Churches, synagogues, mosques, foundations, for-profit groups and non-profit groups have been helpful as she continues to seek help for people who need shelter in Baltimore, but city officials, Flowers said, have not. Their rules are too harsh, she said.
“Sometimes they drink to get through their day. I might too if I’d been through what they’ve been through.”
“You’ve got to start by taking them off the street,” she added.
Flowers complained that she has not been able to get support from the city and blames “the mayor’s gatekeepers.”
“They told me that I humiliated the mayor by taking people in,” she said.
A Personal Connection
People have continued, even amid record-breaking cold weather, to sleep in tents and makeshift shelters nearby the site of yesterday’s news conference and all over downtown. They can be found in doorways and around the parking area underneath the elevated Jones Falls Expressway.
At the moment, there is a trash-strewn encampment on the exact site of Camp 83. Flowers said that a couple and their two cats live there.
Along with addressing a crowd composed mostly of advocates yesterday, Flowers also spoke with several people who approached the gathering saying they were living on the street and wondered if she could help.
“We’re still homeless. I have no place to go,” said Thomas Wilson, who struggled to get the words out, as the assembled group listened.
Fitts, the attorney, tried to tell him about Flowers’ work using the same language he had employed in his prepared remarks. But Wilson tried to quiet the attorney by holding a finger to his lips.
“Sir, it’s cold out here,” Wilson said, speaking slowly and almost in a whisper. “I’m an electrician by trade. I do sheet rock. I do painting.”
Flowers spoke up: “You have the ability to work!”
Wilson lit up with a smile. “Let me,” he said to Flowers, “help you!” The crowd applauded.
“She Got me Off the Street”
As slowly as Wilson spoke, 55-year-old Taft Jackson poured his words out rapidly.
“She’s an angel of god,” Jackson said, buttonholing a reporter.
Jackson, who uses a cane and said he has diabetes, was eager to talk about how Flowers had helped him, two days ago, get off the street and into an apartment.
Jackson said that for six months he has been sleeping in various places, including outside under the JFX , and that a case manager from Health Care for the Homeless had him on a list that whole time to receive housing, but hadn’t succeeded.

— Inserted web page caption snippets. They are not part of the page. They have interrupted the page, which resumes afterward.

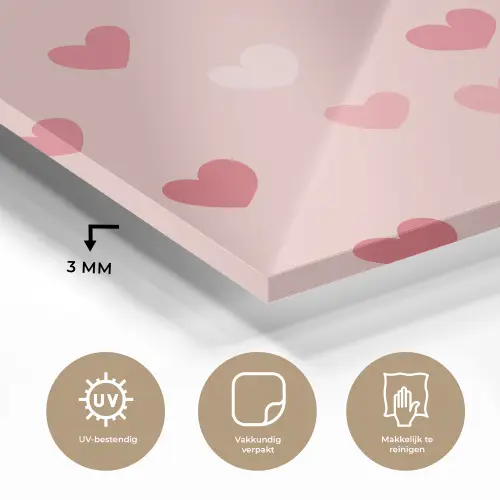 Hartjes - Patroon - Roze - Eenvoudig plexiglas 5mm klein -sfeer2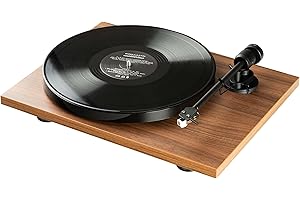 Pro-Ject E1 Phono, Plug & Play Entry-Level Turntable with Built-in Phono Preamplifier, Electronic Speed Switching, Support Force and Anti-Skating Preset, Fitted with AT3600L Cartridge (Walnut)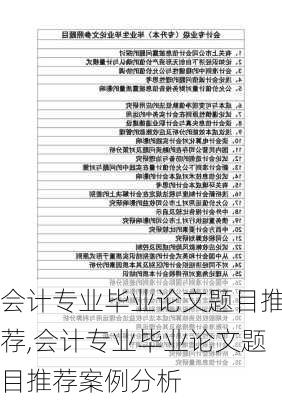 会计专业毕业论文题目推荐,会计专业毕业论文题目推荐案例分析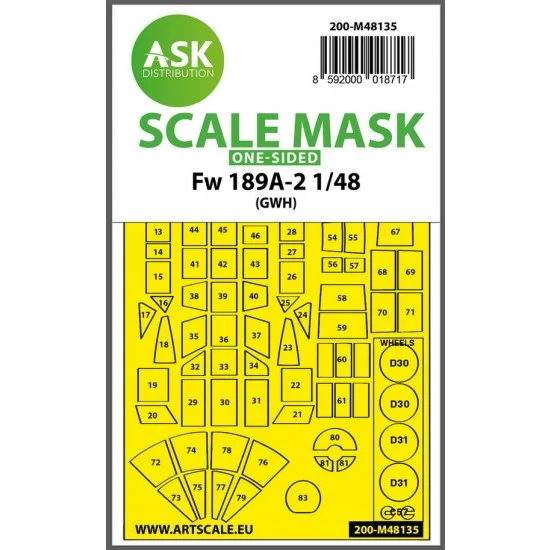 Art Scale Kit M48135 1/48 Fw 189A-2 One-sided Express Masking for Great Wall Hobby kits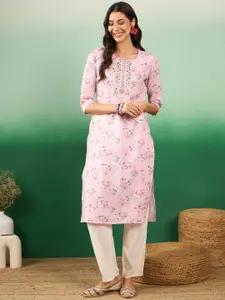 Sangria Floral Printed Cotton Round Neck Kurta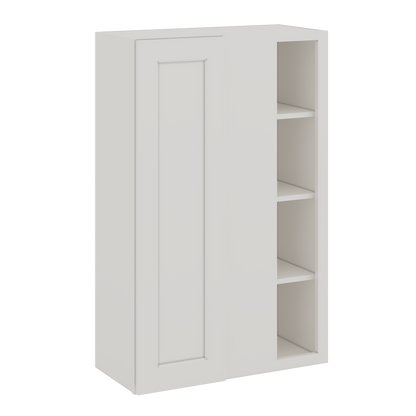 Blind Corner ICE White Shaker 1-1/4" Overlay Wall Cabinet (left or right) 27" Wide by 30", 36" or 42" Tall CWS/CWB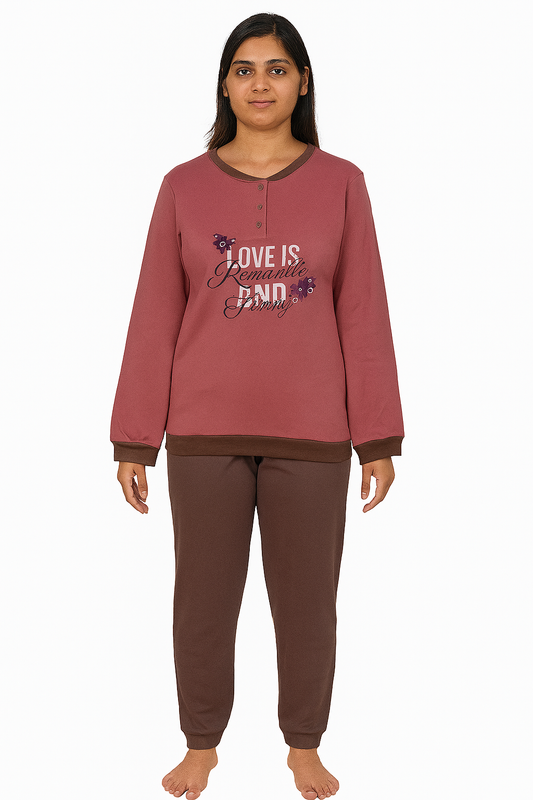 Ladies Interlock Pink Love Pyjama Set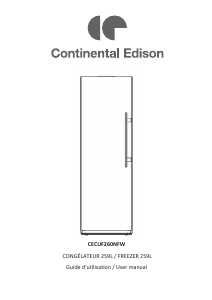 Mode d’emploi Continental Edison CECUF260NFW Congélateur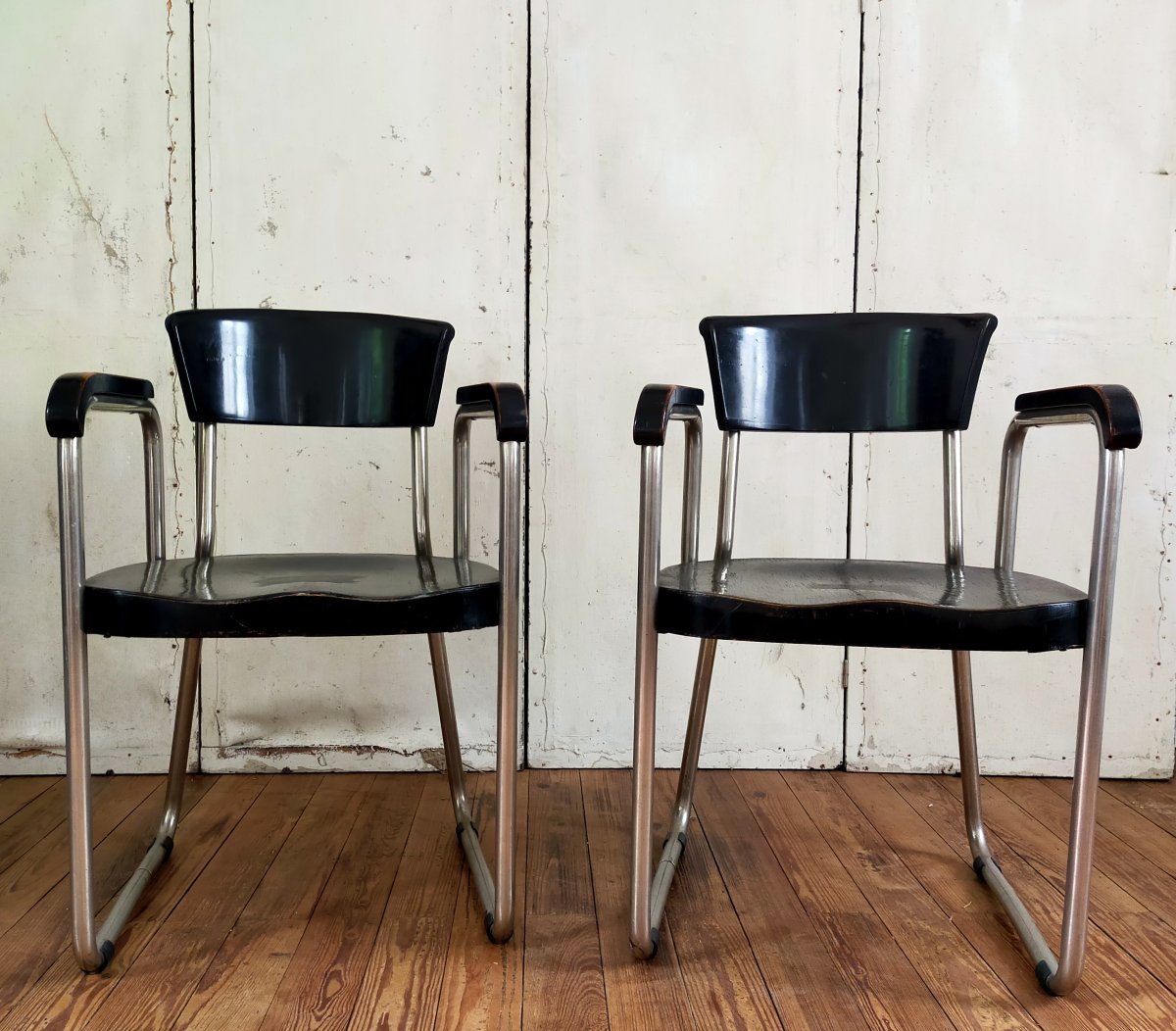 Paire de fauteuils Thonet par Emille Guilhot-photo-4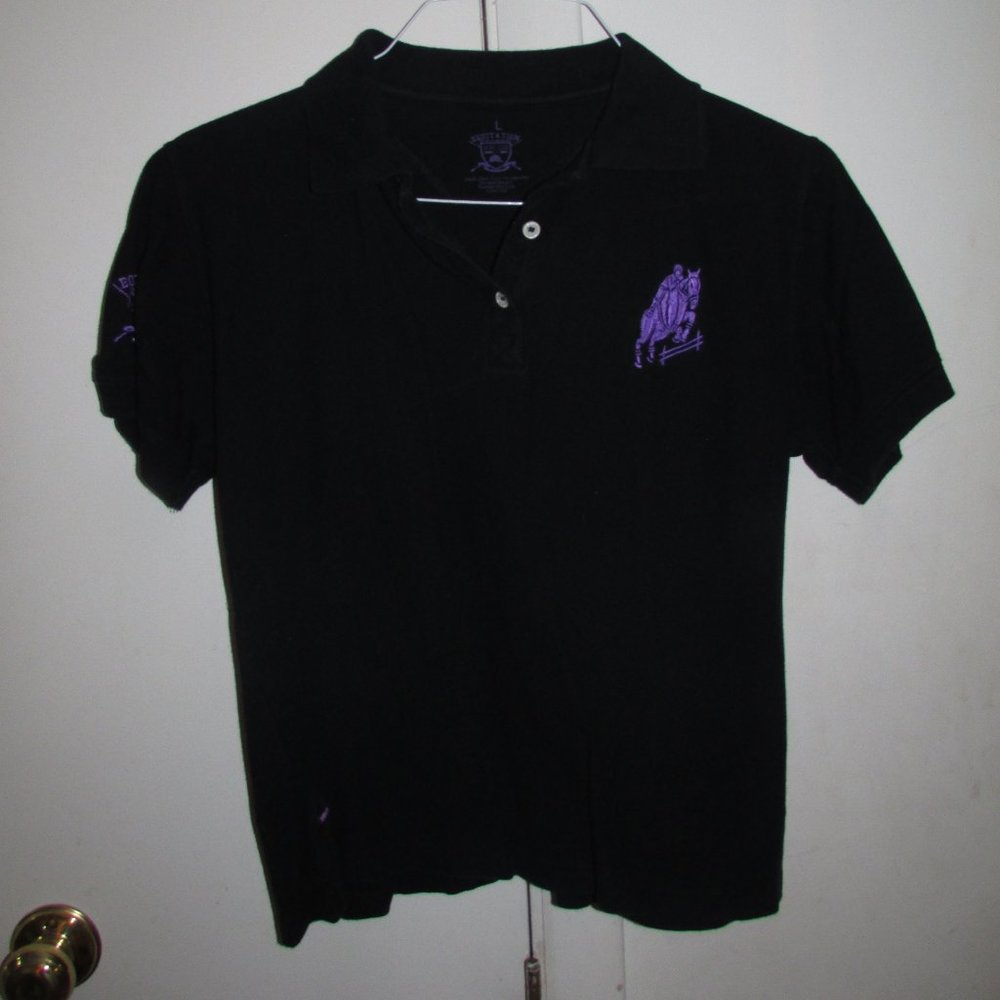 Kids Black & Purple Polo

“She got me off the street,” he said, adding that Flowers charges him just $100 a month. “It’s an apartment. It’s real good. I share it with another individual. There’s a shower, a kitchen. A microwave.”

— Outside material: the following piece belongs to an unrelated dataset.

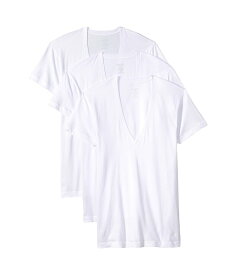 【送料無料】 ツーイグジスト メンズ シャツ トップス Essential 3-Pack Slim Fit Deep V-Neck T-Shirt White New Logo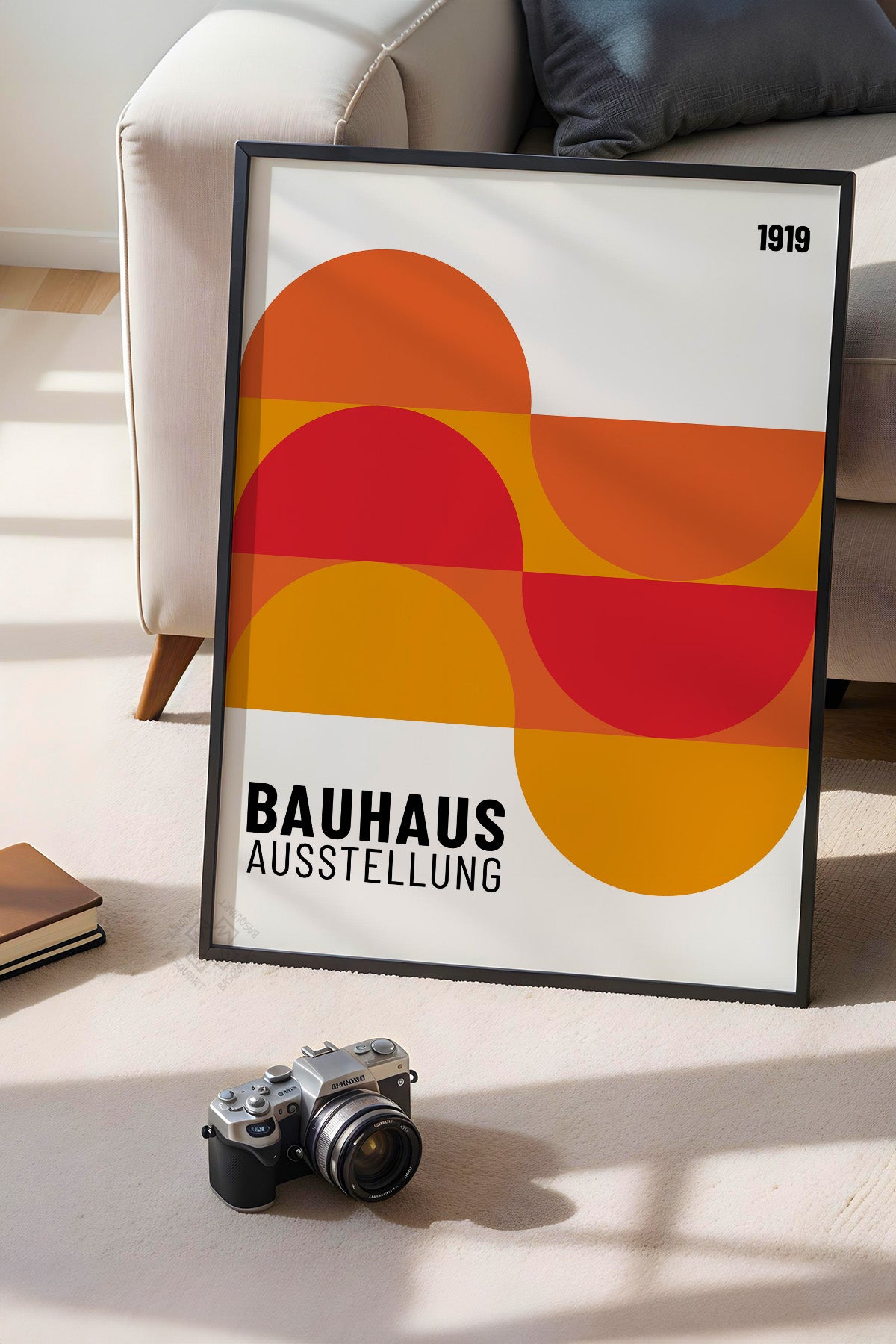 Bauhaus Serisi Siyah Çerçeveli Poster, Tablo No:86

Why didn’t he go to the city shelter or emergency overflow building?
He said he doesn’t feel like he is safe there or that his belongings are secure. “They put you out from 6:30 in the morning to 6 at night.”
Meanwhile, though, he complained of a problem that Flowers said has worsened lately – city workers moving homeless people’s possessions from the spots where they stash them under the JFX.
“I had a bag under the bridge with everything in it – my medicine, my medical history, my birth certificate, all my paperwork,” Jackson said. “It’s black trash bag. It has has my pants and shirts. Pictures of my brother who got killed. My sister that died.
“I really hope Public Works can give it back to me.”